[Records — start]

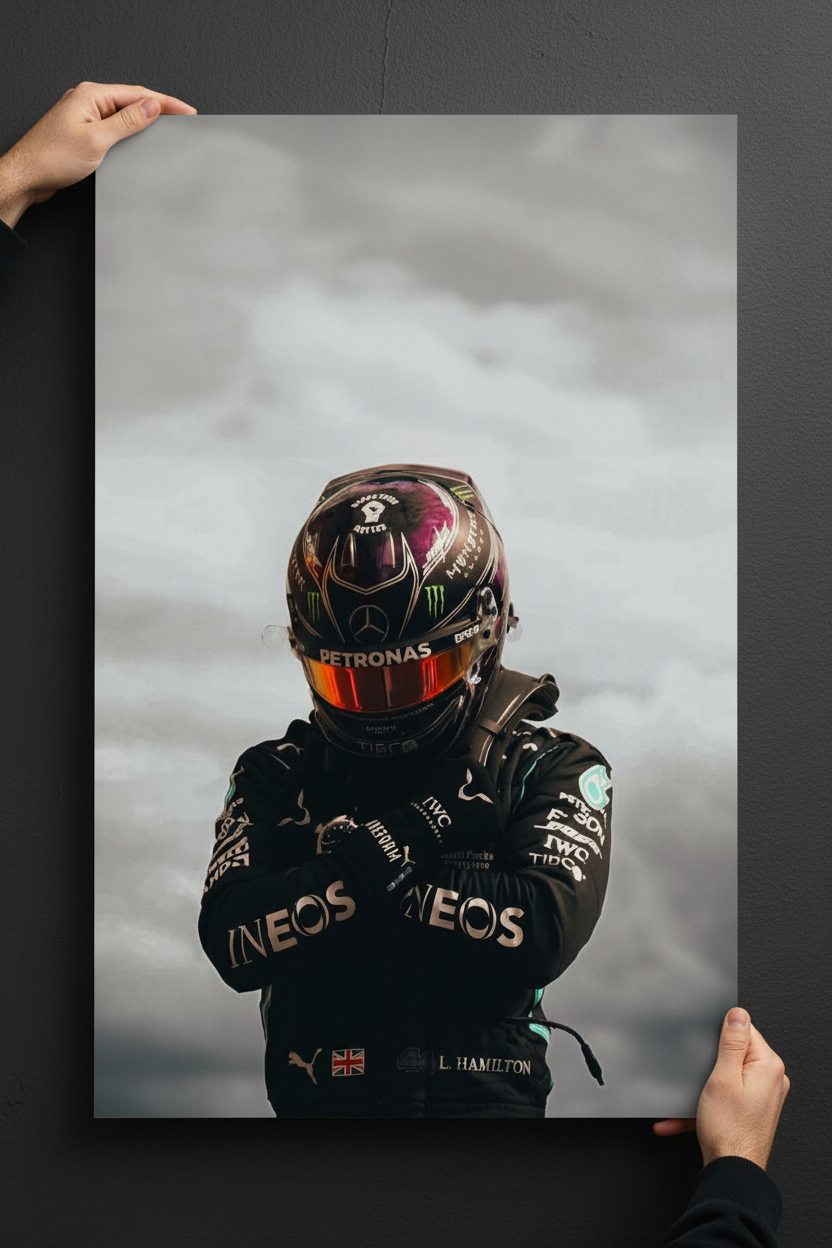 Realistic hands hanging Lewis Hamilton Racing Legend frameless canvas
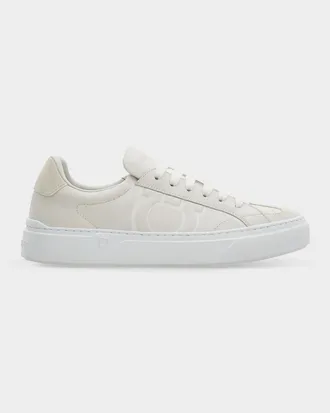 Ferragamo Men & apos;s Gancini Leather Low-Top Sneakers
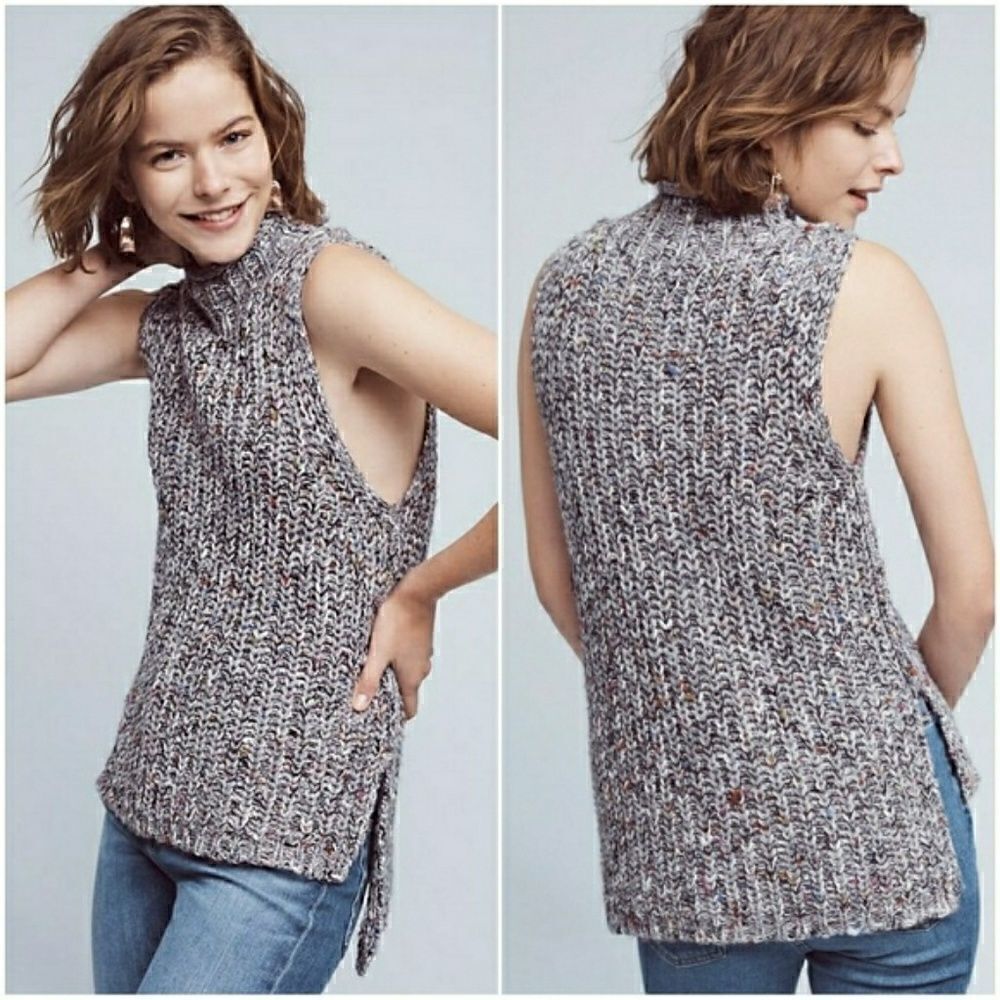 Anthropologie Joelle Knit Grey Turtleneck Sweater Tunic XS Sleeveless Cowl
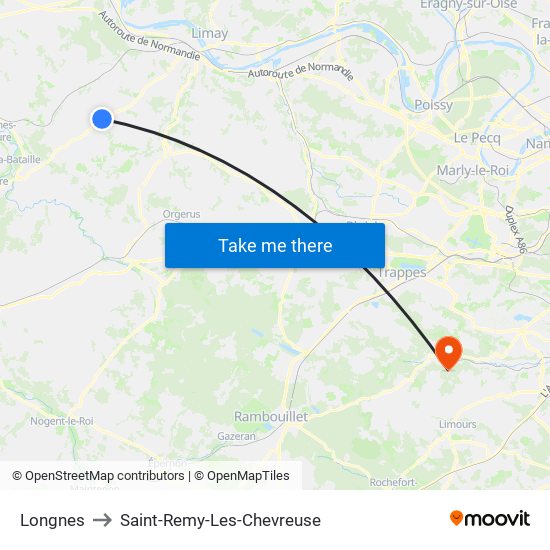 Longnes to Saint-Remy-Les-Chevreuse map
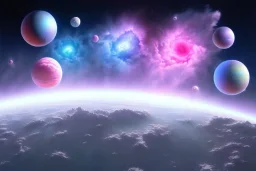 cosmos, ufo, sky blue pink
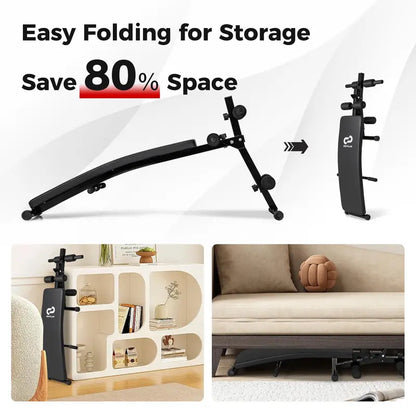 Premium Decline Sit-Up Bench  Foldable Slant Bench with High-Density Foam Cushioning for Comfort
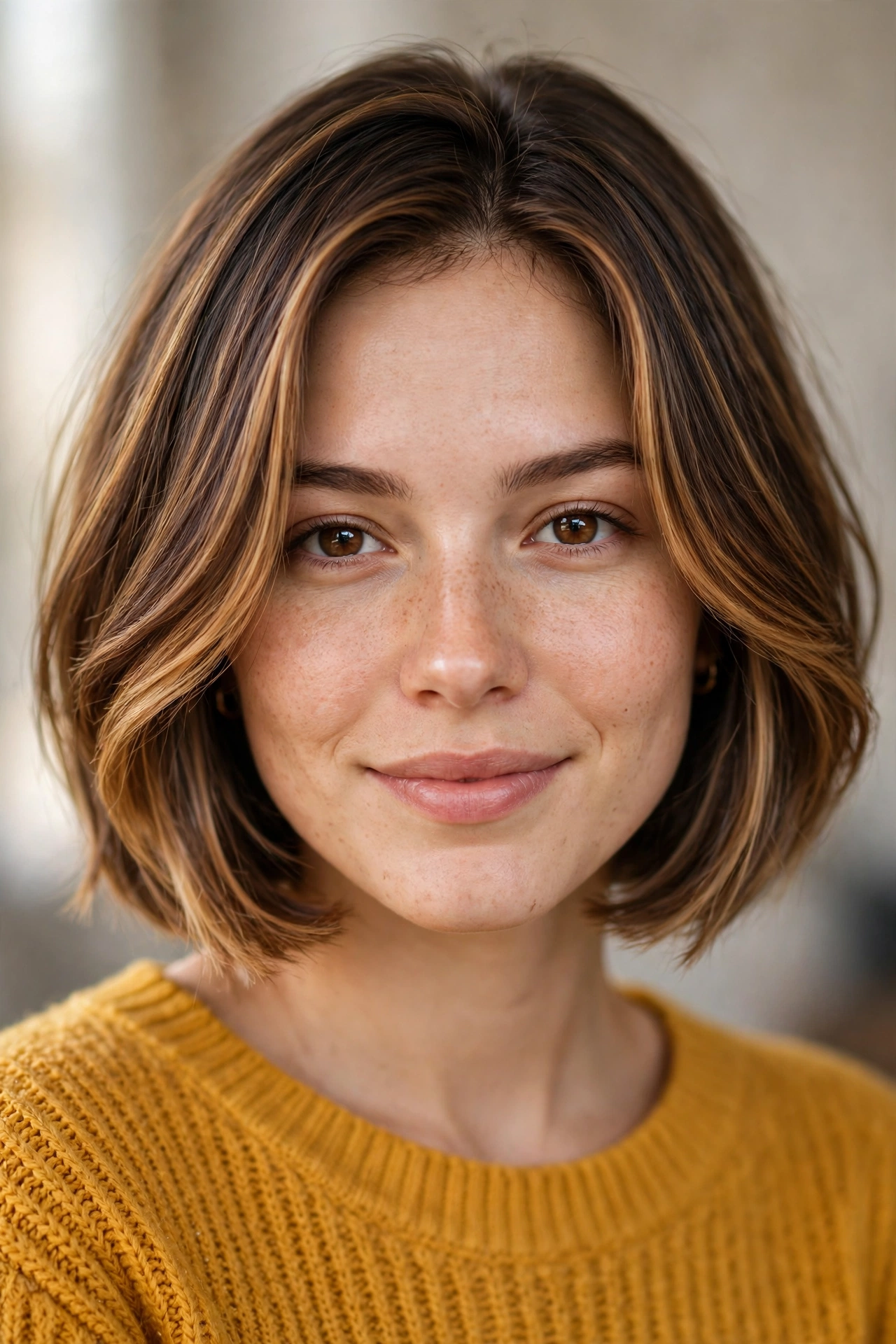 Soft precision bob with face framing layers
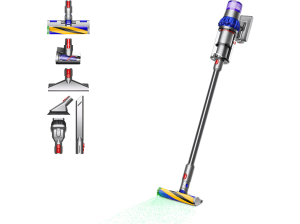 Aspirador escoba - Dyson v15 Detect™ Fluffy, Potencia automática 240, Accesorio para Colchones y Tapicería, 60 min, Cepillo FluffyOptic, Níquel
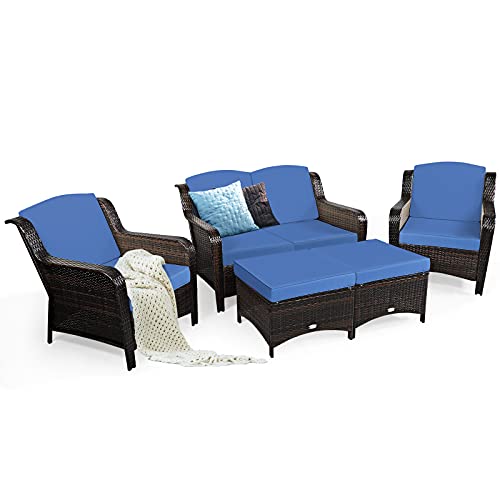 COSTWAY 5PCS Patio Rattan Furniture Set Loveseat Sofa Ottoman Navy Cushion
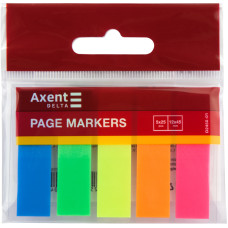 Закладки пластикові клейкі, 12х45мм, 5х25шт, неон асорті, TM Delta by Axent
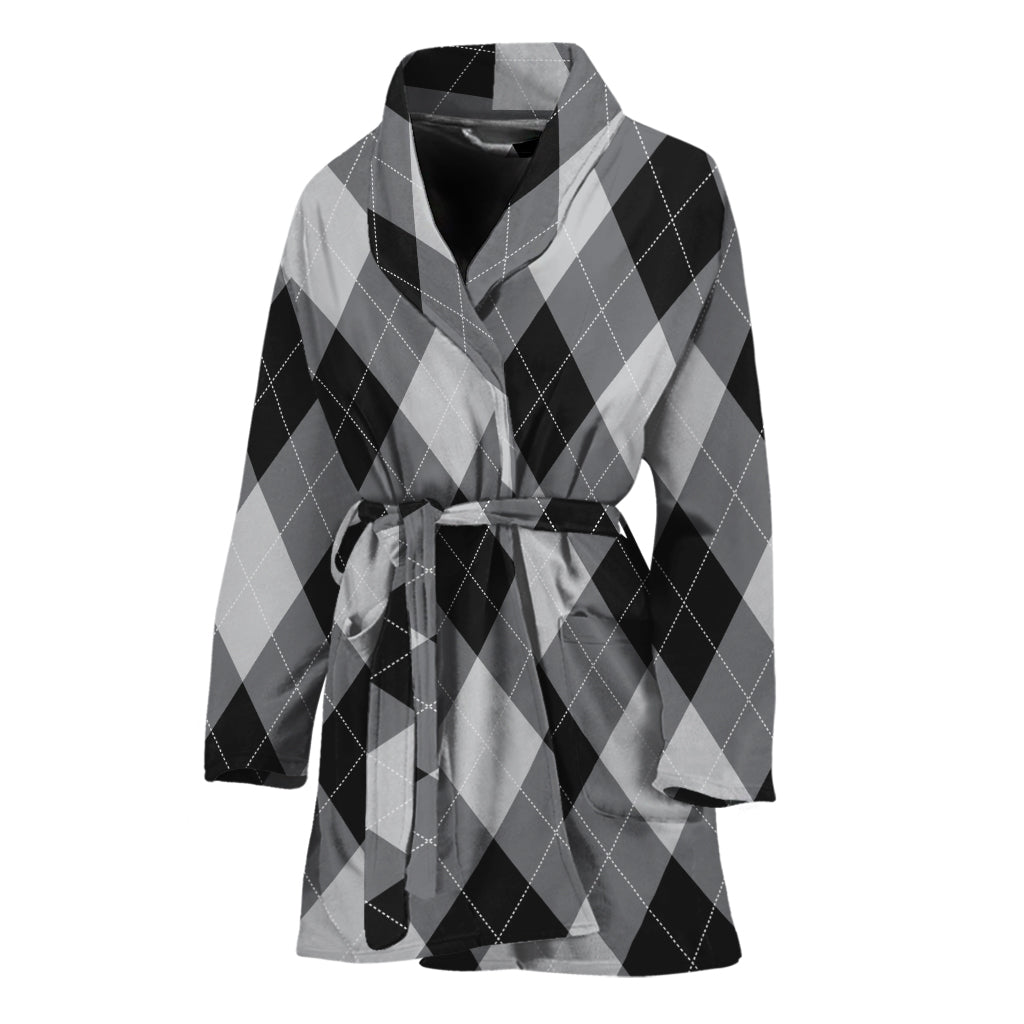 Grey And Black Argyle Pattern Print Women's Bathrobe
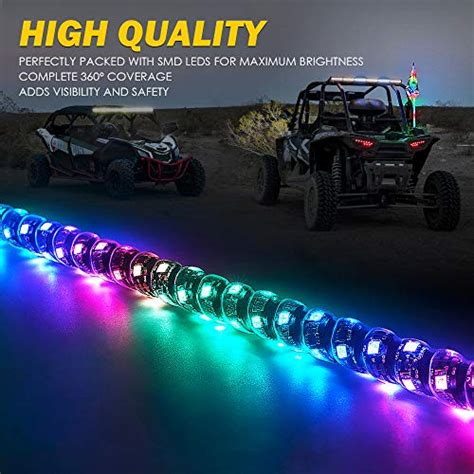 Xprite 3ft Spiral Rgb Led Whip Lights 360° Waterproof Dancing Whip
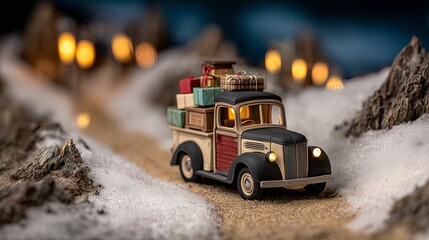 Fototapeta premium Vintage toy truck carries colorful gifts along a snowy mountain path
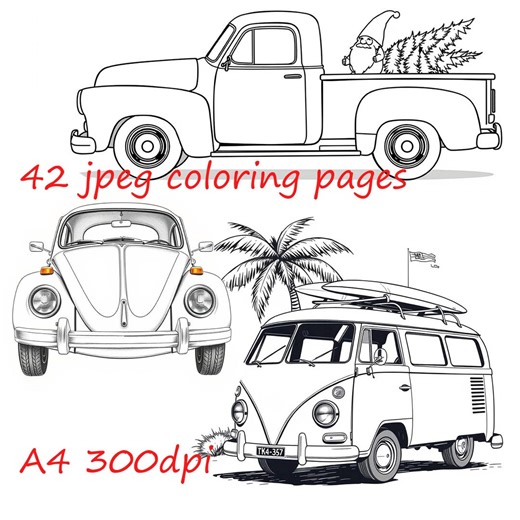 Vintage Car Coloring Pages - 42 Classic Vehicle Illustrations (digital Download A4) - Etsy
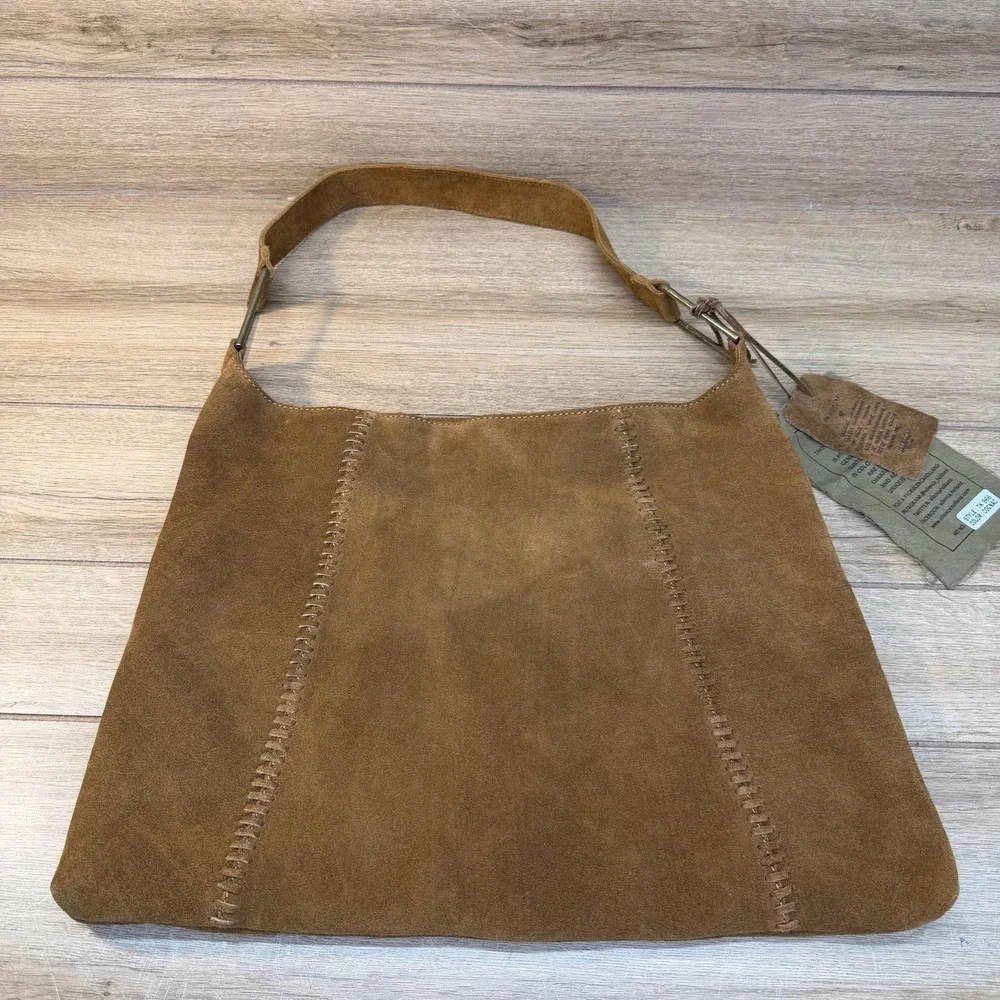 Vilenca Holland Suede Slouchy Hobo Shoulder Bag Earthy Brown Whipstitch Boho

[Records — finish]

▶ Your instructions:
Leaving out only the pictures, retype every record exactly.

▶ Answer below:
 Realistic hands hanging Lewis Hamilton Racing Legend frameless canvas
 Ferragamo Men & apos;s Gancini Leather Low-Top Sneakers
 Anthropologie Joelle Knit Grey Turtleneck Sweater Tunic XS Sleeveless Cowl
 Longnes to Saint-Remy-Les-Chevreuse map
 cosmos, ufo, sky blue pink
 Premium Decline Sit-Up Bench  Foldable Slant Bench with High-Density Foam Cushioning for Comfort
 Soft precision bob with face framing layers
 Aspirador escoba - Dyson v15 Detect™ Fluffy, Potencia automática 240, Accesorio para Colchones y Tapicería, 60 min, Cepillo FluffyOptic, Níquel
 COSTWAY 5PCS Patio Rattan Furniture Set Loveseat Sofa Ottoman Navy Cushion
 Закладки пластикові клейкі, 12х45мм, 5х25шт, неон асорті, TM Delta by Axent
 Grey And Black Argyle Pattern Print Women's Bathrobe
 Xprite 3ft Spiral Rgb Led Whip Lights 360° Waterproof Dancing Whip
 Fototapeta premium Vintage toy truck carries colorful gifts along a snowy mountain path
 Vintage Car Coloring Pages - 42 Classic Vehicle Illustrations (digital Download A4) - Etsy
 Vilenca Holland Suede Slouchy Hobo Shoulder Bag Earthy Brown Whipstitch Boho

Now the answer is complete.